We are determined to keep this ceasefire in place. Russia, which has deployed its own monitors to regime areas, tells us it shares this objective – and this is the only ceasefire that was endorsed by the United States and Russia. So it is a test, and a threshold test on the extent to which we might be able to work with Russia on other issues related to Syria.

The ceasefire and stopping the fighting is also not the entire agreement. Russia, the United States, and Jordan agreed to remove all foreign fighters from the southwest zone. Jordan and the United States have taken measures south of the ceasefire line, and the Russians have taken some – but not enough –on the north side of the line.

The objective is a southwest at peace, secure, and not a threat to anyone, whether the Syrian people who have suffered long enough, or Jordan to the south, or Israel to the west – with no foreign proxies anywhere near this zone.

If Iran believes it can use this corner of Syria to establish expeditionary facilities, it is badly mistaken. Israel has every right to act against such threats. And Russia has an obligation to ensure it never reaches that point. Our objective remains a diplomatic resolution to these very serious and very complex issues, but the jury is still out on whether this is possible over the long term. We hope it is. But we’ll see.

 

So in conclusion, I will sum up with three points:

 

First, our ISIS campaign has accelerated over the last 18 months. The end of the territorial caliphate is now in sight for the first time. We will not stop until this mission is complete, and we will continue to enable Iraqi forces on the Iraqi side of the border, and local forces in Syria to root out clandestine ISIS networks.
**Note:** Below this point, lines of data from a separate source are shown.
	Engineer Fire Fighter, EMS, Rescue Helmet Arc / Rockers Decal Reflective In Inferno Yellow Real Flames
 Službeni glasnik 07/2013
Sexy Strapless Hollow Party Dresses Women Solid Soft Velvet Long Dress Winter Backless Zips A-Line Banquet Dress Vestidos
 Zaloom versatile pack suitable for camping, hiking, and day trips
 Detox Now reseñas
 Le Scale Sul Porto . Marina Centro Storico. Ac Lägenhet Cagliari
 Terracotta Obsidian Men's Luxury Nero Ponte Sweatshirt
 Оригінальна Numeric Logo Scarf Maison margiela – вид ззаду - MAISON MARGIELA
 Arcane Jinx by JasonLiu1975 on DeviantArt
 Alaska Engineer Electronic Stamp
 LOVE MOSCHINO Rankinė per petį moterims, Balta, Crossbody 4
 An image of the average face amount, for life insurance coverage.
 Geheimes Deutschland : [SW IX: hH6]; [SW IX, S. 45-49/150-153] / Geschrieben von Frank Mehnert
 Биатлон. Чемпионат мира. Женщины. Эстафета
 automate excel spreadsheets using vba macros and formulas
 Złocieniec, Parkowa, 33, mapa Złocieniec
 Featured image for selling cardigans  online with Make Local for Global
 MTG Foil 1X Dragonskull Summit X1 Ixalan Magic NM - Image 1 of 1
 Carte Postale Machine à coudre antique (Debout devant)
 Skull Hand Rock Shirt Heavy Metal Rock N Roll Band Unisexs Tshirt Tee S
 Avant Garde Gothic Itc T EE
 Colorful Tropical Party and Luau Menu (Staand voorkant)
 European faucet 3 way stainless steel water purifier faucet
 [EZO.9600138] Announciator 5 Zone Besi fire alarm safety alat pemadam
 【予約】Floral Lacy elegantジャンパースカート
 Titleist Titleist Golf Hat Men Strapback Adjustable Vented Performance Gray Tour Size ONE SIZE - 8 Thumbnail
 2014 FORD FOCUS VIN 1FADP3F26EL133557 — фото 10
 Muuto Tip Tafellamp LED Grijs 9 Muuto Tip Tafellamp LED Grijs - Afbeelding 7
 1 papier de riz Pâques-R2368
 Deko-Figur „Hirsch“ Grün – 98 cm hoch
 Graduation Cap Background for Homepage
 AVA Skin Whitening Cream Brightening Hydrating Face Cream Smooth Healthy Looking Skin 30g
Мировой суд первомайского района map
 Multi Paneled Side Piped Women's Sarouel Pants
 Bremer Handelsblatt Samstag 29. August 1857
Second, as part of a comprehensive campaign, we are equally focused on ensuring that any vacuums after ISIS cannot be filled by other extremist groups, including foreign militias backed by Iran. We call on Russia in particular to support these efforts, which will be essential to any lasting settlement.

Finally, our bedrock commitment to the security of Israel is unwavering, and we fully support Israel’s inherent right to self-defense.

Again, Amos, thanks for inviting me, and I hope to come back again next year hopefully with some good news. It was an honor to address all of you.

I look forward to the upcoming panels.